This heartbreaking but powerful video shows how black parents talk to their kids about the police

Parenting News 02 Jun 20 By

Now is the time to educate our children about race.

This video is hard to watch. It’s emotional, raw and it’s the harsh reality for black parents and children in America.

As protests and riots rage across the US following the death of George Floyd, the African-American man who died after a Minneapolis police officer knelt on his neck for almost nine minutes, people the world over are calling for an end of racial injustice.

This powerful video by Cut shows black parents talking to their children about how to deal with police in America.

Watch video below.

In the video, parents talk to their children about what to say and do if they are stopped by police, and they share their own terrifying experiences with law enforcement.

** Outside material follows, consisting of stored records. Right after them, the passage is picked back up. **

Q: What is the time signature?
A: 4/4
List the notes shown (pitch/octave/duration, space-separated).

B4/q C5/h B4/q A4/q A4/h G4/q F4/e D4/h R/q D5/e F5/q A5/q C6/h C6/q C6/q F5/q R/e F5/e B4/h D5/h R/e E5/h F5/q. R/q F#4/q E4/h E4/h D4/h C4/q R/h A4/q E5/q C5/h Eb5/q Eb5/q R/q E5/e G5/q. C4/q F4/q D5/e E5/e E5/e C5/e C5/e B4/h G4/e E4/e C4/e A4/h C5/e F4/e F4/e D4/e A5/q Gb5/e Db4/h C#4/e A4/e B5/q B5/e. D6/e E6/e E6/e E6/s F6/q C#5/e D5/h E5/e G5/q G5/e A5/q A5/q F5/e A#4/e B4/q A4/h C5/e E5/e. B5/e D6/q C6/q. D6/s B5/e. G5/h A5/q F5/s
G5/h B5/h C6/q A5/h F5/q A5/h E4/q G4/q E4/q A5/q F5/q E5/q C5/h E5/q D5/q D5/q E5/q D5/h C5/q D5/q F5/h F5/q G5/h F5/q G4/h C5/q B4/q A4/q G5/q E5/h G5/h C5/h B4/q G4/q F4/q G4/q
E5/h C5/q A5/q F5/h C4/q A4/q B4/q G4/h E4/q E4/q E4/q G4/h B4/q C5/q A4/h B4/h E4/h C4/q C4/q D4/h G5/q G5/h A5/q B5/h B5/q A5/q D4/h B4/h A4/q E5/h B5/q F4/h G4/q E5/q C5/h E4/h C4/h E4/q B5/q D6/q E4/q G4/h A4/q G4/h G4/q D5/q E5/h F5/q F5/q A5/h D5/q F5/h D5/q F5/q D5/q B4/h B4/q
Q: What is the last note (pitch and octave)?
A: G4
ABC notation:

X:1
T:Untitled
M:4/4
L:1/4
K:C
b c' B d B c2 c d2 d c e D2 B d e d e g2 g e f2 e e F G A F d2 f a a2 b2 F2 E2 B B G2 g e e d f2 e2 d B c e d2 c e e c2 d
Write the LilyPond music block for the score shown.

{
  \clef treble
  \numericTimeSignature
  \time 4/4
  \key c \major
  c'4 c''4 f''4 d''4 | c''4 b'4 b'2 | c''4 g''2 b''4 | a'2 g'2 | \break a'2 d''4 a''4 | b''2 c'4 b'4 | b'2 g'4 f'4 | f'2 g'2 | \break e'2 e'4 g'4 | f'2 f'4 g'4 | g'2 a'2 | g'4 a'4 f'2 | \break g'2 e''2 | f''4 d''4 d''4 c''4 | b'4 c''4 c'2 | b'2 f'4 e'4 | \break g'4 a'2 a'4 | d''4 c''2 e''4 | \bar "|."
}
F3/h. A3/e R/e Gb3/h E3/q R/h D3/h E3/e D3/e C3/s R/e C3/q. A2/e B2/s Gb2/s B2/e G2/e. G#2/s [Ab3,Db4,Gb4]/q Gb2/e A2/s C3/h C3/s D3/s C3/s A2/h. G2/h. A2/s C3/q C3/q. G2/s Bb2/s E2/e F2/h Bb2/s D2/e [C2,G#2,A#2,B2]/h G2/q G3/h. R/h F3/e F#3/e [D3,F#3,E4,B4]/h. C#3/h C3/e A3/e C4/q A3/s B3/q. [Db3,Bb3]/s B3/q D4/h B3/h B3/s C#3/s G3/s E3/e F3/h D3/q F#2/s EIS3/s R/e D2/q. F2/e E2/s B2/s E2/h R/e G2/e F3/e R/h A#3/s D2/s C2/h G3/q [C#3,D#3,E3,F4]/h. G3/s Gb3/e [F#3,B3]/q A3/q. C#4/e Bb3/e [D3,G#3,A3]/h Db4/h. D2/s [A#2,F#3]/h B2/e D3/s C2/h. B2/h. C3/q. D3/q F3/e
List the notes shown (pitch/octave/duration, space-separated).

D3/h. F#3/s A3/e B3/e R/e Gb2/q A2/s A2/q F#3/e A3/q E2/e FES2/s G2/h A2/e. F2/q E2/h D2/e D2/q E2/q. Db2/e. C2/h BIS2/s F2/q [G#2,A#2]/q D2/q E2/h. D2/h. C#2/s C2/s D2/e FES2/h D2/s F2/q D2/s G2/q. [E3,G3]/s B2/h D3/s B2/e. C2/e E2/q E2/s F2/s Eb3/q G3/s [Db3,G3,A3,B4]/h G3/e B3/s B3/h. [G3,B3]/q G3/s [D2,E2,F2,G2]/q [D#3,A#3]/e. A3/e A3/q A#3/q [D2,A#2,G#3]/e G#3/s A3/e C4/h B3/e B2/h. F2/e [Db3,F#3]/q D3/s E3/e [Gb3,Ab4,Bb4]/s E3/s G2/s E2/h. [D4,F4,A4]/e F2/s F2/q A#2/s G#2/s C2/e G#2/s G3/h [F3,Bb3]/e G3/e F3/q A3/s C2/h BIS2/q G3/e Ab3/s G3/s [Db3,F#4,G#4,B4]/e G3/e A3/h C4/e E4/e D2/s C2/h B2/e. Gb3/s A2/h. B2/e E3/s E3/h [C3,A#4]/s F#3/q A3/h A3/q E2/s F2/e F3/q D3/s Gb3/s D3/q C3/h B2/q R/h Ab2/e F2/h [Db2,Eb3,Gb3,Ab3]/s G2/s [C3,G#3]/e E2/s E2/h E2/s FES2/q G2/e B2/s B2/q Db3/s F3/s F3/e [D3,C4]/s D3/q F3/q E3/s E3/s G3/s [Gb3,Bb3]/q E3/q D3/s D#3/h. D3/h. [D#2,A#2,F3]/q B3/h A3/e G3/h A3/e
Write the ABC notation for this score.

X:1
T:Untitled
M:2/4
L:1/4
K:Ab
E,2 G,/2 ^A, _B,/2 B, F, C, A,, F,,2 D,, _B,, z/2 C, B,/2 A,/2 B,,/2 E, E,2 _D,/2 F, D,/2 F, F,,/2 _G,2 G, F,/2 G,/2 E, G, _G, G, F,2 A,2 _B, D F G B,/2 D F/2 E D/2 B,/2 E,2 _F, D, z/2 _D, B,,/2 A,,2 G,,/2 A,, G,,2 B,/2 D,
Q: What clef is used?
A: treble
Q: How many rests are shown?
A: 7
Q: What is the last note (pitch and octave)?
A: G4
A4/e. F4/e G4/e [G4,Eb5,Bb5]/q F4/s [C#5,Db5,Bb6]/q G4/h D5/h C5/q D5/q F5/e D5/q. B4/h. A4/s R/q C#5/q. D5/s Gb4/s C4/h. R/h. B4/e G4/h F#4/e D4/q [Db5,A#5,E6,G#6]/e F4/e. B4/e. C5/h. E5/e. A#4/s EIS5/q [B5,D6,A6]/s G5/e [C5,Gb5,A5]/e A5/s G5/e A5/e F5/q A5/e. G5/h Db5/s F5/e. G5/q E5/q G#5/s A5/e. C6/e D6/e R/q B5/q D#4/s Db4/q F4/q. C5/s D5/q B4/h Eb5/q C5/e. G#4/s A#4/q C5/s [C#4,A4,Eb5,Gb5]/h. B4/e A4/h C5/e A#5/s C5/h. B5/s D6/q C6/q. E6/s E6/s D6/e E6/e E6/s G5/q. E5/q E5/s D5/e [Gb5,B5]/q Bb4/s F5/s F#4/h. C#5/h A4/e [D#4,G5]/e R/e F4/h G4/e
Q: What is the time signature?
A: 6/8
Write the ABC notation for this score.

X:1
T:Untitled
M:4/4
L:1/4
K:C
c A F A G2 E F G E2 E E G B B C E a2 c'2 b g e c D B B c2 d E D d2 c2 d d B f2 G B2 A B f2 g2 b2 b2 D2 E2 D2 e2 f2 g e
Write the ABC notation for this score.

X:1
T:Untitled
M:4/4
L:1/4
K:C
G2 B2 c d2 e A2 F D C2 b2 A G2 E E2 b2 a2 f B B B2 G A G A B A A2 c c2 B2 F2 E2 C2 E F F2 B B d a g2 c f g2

It’s impossible to not well up watching Arielle, a little girl who starts to cry as her dad explains to that he’s been tasered by the police.

Or when a mum asks her teenage daughter, “Why would a police officer assume that you did something bad?”

And fighting back tears, she answers, “Maybe because of the colour of my skin?”

(Cut)

Absolutely heartbreaking as Arielle bursts into tears and is comforted by her dad.

What’s even more distressing is that this video by Cut was originally posted to YouTube in 2017. It went viral then and it is again now, three years later and seemingly nothing has changed.

Lex Scott, the founder of the civil rights organisation United Front Party, and Utah’s Black Lives Matter chapter spoke about the heartbreaking video when it was first released.

“We have seen that police profile black people, pull us over more [in routine traffic stops], and we see video after video of the brutalisation of black people by police,” he said at the time. “But we will continue working towards change.”

The George Floyd movement is being felt worldwide and it’s important to note that social injustice is not just an issue in America, it’s also still taking place in Australia.

It’s been more than 30 years since the 1987 Royal Commission into Aboriginal Deaths in Custody and some of the recommendations from the findings were never implemented and it’s estimated hundreds more have died in custody since.

Now is absolutely the time to have conversations with our children about racism and educate them about racial equality.

Let’s be the change our world needs.